The Fringe will run for two weeks and its programme contains over 500 performances taking place in more than 25 venues.

The shows are wide ranging, and the organisers say that the festival this year aims to be a full blown celebration of contemporary life.

Over the years, the festival has grown its mission to be a place where artists make their mark.

Often, Dublin Fringe performers are at the start of their careers, but for others, the festival offers a place to return and show their development.

“Dublin Fringe Festival is all about breaking the mould as it’s a playground for artists to experiment, push boundaries and defy expectations,” David Francis Moore, the director of this year’s festival told RTÉ News.

It has been 30 years since Bedrock Productions, with some support from the established Dublin Theatre Festival and Arts office of Dublin City Council, created a revived Dublin Fringe Festival, to promote and showcase the work of small and vibrant theatre companies and theatre makers.

In the first year, Conor McPherson’s This Lime Tree Bower premiered, and in 1996, Enda Walsh’s Disco Pigs took off from The International Bar. Since then, the festival has grown and flourished.

The platform the festival offers is noted by emerging artists, and one of the new shows for 2024 that is planning to make a mark, is An Evening with wee Daniel, created by and featuring Aoife Sweeney O’Connor.

The show which tells a story about a journey about figuring out issues around identity and place but with an unexpected twist.

Growing up in Donegal, Ms Sweeney O’Connor tells a story with the show that celebrates queerness, along with an obsession with wee Daniel.

On stage Ms Sweeney O’Connor wears one of Mr O’Donnell’s former suits, and off stage, Aoife said how she met Daniel O’Donnell and told him all about the show and that he gave his blessing.

Aoife Sweeney O’Connor is bringing ‘An Evening with Wee Daniel’ to new audiences

The artist describes it as a “rapturous love letter to the rural queer non -binary experience, and to mammies and Daniel!’

Comedy has always been a popular part of the programme and this year attendees can choose to watch comic productions such as visiting A Good Room from Cian Jordan and Allie O’Rourke.

The idea of this show is that the pair are running out of space and time to get this show on. Where can they stage it, they ask, eventually coming up with the idea of Cian’s bedroom. This is an interactive comedy about friendship, space and most of all home.

Also joining the comedy line up for this year’s Fringe is comedian David O’Doherty at the Projecy Arts Centre. Other familiar comedy voices on the line up include Julie Jay and Shane Daniel Byrne.

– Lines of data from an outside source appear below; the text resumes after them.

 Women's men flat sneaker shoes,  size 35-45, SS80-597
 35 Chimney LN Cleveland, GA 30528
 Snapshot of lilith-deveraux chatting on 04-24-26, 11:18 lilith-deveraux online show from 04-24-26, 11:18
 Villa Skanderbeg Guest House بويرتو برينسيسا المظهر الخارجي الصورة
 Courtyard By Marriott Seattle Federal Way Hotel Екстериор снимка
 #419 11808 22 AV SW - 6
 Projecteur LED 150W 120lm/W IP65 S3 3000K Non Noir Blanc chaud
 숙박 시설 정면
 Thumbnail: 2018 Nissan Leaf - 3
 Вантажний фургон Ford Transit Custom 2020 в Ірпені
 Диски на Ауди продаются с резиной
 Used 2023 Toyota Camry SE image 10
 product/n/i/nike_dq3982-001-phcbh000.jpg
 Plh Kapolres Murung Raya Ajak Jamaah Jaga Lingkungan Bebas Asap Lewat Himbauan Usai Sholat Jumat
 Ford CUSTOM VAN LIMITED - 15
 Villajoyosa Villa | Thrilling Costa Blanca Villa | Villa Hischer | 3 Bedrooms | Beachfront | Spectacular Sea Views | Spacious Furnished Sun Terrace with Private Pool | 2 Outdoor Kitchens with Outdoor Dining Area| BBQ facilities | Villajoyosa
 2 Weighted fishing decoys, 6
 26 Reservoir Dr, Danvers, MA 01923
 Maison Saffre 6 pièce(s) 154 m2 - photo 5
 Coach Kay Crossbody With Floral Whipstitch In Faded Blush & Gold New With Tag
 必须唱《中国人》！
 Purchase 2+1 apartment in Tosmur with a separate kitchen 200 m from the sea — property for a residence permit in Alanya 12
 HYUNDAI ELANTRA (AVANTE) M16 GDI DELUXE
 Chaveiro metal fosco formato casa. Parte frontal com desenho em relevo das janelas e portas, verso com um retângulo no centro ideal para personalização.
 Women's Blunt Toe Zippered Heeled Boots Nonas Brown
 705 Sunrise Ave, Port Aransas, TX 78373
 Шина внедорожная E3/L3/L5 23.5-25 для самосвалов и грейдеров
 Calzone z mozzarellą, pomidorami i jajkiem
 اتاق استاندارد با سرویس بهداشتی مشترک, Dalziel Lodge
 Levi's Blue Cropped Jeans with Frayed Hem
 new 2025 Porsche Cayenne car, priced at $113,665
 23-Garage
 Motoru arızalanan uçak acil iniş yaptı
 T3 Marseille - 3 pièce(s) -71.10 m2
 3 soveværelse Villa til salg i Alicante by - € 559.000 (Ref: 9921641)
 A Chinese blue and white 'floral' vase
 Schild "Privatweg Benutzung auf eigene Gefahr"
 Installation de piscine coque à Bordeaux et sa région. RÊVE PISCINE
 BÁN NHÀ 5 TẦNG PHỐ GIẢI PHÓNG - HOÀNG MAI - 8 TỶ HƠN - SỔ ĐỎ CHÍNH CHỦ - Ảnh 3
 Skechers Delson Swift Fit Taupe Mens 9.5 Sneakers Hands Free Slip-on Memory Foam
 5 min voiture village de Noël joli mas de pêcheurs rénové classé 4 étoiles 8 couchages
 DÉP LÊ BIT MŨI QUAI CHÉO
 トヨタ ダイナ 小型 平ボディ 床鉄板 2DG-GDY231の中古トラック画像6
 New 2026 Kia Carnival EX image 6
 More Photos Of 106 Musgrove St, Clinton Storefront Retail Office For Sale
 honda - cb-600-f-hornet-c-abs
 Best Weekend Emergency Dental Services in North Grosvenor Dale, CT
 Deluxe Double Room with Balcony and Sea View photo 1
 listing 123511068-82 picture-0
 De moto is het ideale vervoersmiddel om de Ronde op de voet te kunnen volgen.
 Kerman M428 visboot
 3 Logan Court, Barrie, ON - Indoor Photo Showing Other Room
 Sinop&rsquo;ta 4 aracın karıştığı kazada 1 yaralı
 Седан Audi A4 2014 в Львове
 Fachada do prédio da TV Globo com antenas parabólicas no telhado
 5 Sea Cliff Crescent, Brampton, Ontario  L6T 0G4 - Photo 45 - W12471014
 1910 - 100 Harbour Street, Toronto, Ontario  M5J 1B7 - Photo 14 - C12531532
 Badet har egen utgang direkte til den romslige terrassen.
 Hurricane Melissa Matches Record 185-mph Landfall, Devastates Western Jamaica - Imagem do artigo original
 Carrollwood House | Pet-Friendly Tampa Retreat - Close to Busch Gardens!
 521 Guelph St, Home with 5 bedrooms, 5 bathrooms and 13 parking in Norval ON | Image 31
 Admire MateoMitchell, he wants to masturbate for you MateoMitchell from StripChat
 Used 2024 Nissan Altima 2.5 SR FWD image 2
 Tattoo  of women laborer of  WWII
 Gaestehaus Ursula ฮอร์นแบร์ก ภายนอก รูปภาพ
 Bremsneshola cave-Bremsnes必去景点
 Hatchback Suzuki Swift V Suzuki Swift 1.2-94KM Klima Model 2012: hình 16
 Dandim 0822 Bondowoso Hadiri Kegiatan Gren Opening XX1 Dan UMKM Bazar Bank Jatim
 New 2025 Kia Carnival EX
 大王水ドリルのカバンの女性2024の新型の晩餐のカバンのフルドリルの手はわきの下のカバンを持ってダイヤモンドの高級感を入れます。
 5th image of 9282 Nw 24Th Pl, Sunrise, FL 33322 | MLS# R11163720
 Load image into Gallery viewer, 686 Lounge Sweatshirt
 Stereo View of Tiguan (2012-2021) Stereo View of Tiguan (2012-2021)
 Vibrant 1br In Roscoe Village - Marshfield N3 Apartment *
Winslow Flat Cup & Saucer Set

Shane Daniel Byrne is on the line up for this year’s Fringe

For music lovers, Irish -Palestinian artist Róisín El Cherif will be performing at the Project Arts Centre delivering a performance that fuses Arabic and Irish musical traditions.

The show is described as unique as it brings together, original music, poetry, and film to tell her story.

Another significant show in the festival programme is contemporary dance show Hyper physical, which is described as a “high-octane double dance bill”.

This piece is presented by the Irish Modern Dance Theatre and features the work of the US choreographer Abby Zbikowski and acclaimed choreographer John Scott with his Irish Modern Dance Theatre company.

The 30th Fringe Festival kicks off today and runs until 22 September.